## [Assigned task]
In the records below, find the line containing "Tucson Arizona Temple" and the line containing "Zauber und Tränke Milchtasse (Beispiel)"; please repeat exactly the lines from one to the other, both included, and nothing more.

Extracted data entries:
____

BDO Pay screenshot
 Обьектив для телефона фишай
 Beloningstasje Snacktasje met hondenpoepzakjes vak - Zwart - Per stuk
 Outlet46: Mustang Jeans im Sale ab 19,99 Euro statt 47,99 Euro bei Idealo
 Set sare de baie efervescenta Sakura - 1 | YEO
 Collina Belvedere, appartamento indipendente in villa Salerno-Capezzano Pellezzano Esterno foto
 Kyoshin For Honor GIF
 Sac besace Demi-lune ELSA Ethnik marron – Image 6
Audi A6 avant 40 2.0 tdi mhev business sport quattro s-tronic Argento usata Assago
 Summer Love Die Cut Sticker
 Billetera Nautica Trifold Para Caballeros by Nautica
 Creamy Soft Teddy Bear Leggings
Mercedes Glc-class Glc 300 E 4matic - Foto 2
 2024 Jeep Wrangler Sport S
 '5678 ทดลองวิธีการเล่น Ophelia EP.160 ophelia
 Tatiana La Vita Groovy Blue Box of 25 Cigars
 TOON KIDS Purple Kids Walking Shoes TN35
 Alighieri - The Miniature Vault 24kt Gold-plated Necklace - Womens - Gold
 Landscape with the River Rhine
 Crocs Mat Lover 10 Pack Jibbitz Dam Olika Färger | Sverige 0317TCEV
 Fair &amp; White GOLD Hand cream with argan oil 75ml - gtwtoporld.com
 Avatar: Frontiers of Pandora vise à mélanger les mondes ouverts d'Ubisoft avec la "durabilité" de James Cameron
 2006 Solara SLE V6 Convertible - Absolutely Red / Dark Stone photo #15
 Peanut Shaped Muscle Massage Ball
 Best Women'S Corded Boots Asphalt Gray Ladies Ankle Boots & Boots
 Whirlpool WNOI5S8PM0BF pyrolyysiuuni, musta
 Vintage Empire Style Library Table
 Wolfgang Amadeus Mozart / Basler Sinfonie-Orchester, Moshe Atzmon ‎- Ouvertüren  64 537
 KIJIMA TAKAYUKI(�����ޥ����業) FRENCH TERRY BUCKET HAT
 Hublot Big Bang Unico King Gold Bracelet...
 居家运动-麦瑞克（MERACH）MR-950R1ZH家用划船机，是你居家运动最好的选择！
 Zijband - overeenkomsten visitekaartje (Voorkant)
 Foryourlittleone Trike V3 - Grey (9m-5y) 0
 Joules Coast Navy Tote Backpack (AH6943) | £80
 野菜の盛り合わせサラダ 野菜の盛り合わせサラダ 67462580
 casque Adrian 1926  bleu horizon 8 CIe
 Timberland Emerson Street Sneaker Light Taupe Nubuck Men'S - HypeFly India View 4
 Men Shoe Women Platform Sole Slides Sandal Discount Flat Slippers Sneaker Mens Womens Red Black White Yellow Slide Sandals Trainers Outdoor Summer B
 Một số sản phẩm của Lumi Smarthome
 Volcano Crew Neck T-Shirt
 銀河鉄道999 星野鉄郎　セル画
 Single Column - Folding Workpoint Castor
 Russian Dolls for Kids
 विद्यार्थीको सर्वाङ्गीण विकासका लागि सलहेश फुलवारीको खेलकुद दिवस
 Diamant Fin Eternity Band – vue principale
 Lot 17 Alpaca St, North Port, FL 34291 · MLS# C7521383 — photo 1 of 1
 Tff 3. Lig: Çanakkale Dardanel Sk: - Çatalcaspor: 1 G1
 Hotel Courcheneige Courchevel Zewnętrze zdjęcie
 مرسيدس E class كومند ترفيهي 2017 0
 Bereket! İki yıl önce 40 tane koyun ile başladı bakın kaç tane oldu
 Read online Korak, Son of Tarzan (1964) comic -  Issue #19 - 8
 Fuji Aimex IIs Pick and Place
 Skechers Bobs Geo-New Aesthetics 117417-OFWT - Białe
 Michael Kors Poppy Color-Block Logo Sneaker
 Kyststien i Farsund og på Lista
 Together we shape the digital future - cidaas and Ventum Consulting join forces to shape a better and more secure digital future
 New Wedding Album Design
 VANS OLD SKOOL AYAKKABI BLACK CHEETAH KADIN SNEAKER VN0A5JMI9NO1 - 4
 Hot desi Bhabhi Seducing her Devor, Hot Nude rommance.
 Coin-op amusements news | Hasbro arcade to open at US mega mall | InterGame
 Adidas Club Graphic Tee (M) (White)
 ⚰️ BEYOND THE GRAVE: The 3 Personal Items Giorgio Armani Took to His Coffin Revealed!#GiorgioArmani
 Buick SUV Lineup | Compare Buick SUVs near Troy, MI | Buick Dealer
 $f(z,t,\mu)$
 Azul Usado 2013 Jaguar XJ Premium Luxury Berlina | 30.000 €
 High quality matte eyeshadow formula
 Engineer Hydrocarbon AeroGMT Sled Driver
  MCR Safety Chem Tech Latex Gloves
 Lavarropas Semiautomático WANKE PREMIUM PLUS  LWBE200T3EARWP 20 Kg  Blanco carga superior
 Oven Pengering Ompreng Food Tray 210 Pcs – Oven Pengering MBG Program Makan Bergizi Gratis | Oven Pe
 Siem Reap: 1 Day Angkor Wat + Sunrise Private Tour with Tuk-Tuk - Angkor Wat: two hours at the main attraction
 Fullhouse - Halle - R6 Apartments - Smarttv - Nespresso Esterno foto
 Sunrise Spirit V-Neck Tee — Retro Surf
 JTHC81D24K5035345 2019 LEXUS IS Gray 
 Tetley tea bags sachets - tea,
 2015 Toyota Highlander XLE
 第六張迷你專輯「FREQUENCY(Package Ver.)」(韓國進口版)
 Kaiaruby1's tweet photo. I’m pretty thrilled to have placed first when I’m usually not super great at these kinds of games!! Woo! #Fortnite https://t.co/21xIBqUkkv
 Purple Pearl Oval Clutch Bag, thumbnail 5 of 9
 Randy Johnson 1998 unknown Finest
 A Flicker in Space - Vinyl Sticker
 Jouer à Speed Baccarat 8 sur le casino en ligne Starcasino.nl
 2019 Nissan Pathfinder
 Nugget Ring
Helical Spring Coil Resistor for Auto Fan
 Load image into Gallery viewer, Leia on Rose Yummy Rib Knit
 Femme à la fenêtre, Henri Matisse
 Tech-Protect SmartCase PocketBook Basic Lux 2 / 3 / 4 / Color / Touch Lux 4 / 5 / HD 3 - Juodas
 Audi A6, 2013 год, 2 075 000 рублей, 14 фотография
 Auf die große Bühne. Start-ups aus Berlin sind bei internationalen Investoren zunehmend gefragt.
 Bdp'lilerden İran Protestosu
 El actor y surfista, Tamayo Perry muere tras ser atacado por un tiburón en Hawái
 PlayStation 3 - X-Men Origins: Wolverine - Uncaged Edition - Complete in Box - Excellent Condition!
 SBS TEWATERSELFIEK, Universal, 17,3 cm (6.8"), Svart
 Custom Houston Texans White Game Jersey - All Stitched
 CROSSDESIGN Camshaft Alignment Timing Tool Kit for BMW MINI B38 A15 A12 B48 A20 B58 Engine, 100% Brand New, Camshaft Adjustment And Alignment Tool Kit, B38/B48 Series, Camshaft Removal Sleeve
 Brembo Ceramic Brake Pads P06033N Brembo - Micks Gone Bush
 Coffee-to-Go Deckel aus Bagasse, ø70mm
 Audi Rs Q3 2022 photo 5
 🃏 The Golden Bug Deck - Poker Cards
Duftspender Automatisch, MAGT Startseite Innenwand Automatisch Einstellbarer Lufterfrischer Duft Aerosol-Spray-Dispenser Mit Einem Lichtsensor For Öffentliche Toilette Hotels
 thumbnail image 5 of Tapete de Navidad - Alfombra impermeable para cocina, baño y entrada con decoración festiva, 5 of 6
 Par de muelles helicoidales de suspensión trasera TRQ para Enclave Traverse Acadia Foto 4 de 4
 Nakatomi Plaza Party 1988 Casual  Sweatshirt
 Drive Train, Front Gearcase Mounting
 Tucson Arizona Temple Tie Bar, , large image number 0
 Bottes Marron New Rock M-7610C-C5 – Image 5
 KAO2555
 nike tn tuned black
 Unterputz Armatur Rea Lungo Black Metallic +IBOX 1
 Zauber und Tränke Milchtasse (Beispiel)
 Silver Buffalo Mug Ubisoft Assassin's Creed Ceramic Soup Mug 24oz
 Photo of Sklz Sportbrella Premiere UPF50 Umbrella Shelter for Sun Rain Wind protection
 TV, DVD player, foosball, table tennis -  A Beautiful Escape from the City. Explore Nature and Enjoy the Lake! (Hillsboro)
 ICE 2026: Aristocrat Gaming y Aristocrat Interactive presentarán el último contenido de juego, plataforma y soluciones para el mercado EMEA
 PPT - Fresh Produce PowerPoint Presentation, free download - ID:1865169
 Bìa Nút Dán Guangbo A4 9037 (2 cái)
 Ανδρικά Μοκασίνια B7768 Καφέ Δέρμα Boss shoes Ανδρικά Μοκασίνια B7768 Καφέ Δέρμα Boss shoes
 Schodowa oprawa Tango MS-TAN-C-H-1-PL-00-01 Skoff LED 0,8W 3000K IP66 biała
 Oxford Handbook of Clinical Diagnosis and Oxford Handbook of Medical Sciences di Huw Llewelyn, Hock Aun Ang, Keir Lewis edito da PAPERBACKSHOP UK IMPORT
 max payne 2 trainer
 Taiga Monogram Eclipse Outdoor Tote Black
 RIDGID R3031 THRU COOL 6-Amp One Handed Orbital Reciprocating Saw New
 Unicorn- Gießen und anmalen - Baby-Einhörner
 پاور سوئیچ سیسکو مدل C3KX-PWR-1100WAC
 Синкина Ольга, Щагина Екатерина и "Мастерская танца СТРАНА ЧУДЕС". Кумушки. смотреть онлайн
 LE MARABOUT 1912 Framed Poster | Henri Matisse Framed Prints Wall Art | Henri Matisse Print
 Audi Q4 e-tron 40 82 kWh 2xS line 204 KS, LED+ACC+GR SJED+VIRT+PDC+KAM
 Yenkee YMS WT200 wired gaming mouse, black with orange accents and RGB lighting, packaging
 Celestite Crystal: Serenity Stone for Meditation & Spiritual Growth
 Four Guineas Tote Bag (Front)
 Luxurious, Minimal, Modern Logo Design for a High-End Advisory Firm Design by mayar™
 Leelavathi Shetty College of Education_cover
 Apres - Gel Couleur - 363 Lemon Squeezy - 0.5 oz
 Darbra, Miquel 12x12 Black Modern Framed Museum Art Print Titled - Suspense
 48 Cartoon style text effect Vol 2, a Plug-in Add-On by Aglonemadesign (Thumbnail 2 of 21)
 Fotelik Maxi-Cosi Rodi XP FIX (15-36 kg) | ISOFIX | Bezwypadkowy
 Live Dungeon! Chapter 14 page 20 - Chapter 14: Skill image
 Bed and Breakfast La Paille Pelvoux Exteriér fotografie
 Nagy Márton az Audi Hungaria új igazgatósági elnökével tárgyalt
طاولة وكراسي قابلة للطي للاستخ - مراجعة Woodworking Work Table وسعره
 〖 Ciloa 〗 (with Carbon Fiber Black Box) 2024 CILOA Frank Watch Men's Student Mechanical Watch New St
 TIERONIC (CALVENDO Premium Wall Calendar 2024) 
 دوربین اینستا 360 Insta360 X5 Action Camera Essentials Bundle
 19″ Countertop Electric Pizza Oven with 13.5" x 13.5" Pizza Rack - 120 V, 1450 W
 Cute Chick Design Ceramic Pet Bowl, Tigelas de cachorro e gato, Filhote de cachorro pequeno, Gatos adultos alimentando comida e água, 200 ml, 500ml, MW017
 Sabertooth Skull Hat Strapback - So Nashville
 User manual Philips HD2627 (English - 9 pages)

____

## [Response box]
 Tucson Arizona Temple Tie Bar, , large image number 0
 Bottes Marron New Rock M-7610C-C5 – Image 5
 KAO2555
 nike tn tuned black
 Unterputz Armatur Rea Lungo Black Metallic +IBOX 1
 Zauber und Tränke Milchtasse (Beispiel)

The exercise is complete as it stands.